In Italy, where the vegetable is popular and said to have originated in the 16th century, people call it broccolo romanesco. Hence, the more common name of Romanesco broccoli. (Italy, gets all the cool vegetables and a multitude of cured meats!)

Whatever name you call this broccoli-cauliflower cousin, its flavor is mild, creamy and nutty. It steams well and easily could be roasted in the oven or drizzled with a beurre noisette (like I've done before with Brussels sprouts).

I'm sure it will only be around for a limited time here in Istanbul, so grab it while you can!

In my recipe, a head of Romanesco broccoli is trimmed into smaller florets, steamed with Brussels sprouts until tender, and then tossed with a caper-mustard-oregano flavored butter. This makes an amazing and hearty veggie side dish that cooks in just 10 minutes. (I spent much more time cutting and trimming my vegetables!) The capers add a nice tanginess.

This sexy side dish will serve as the star of our dinner tonight with  a simple roasted chicken!

Afiyet olsun!
Toasted pine nuts, tangy capers and garlicky butter = deliciousness!
(Note: I am submitting this recipe for the #323 edition of  Weekend Herb Blogging, which is being hosted this week by Italian blogger Marta of  Viaggiare è un po' come mangiare. This weekly event is coordinated by Australian food blogger Haalo of Cook (almost) Anything At Least Once and was founded by Kalyn of Kalyn’s Kitchen. Thank you for stopping by!)

Green (Romanesco) Cauliflower with Brussels Sprouts/Brüksel Lahanası ile Yeşil Karnabahar
(Inspired by a recipe in Local Flavors cookbook by Deborah Madison)

3          cloves                          garlic
1/2       tsp.                              sea salt
2          tsp.                              Dijon mustard
1          tsp.                              dried oregano
6          T.         (85 g.)              butter, room temperature
1/4       c.         (45 g.)              capers or caper berries, rinsed (Often found here next to the jarred olives and pickled vegetables)
TT                                            freshly ground black pepper

1          lb.        (450-500 g.)    broccoli Romanesco*, trimmed into bite-size pieces
8          oz.       (230 g.)            Brussels sprouts, sliced in half or, if large, into quarters

2          T.                                 lightly toasted pine nuts
Using a mortar, pound together the salt and garlic until you achieve a paste. Alternatively, chop the garlic very finely.
Then, stir this mixture into the butter with the mustard, capers and oregano. Season with pepper. Set aside.
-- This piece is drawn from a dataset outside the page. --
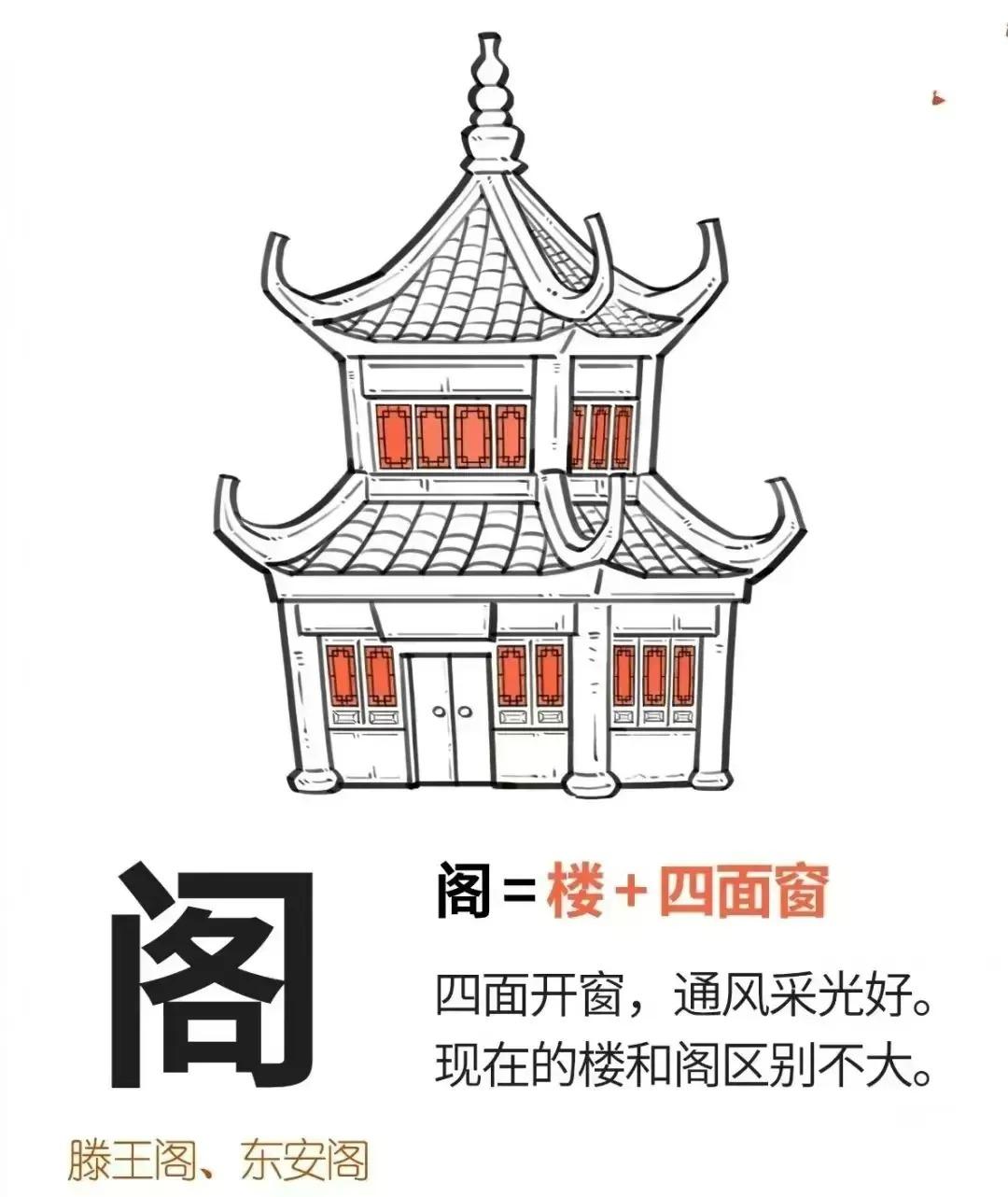 阁字图文释义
Fill a large pot with about 1/2-inch (1.5 cm.) of water and pinch of salt. Bring to a boil.

Add the Brussels sprouts, cover with a lid, and steam for 2-3 minutes. Then add the broccoli Romanesco and continue to cook until tender, about 5 minutes.

Immediately, strain the vegetables and run under cold water to stop the cooking process.

Add the caper-mustard-oregano flavored butter to the hot pot. Let melt. Drain veggies of excess water, add to the pot along with the pine nuts and then gently stir to coat. Serve immediately.

*          White cauliflower can be substituted for the broccoli Romanesco.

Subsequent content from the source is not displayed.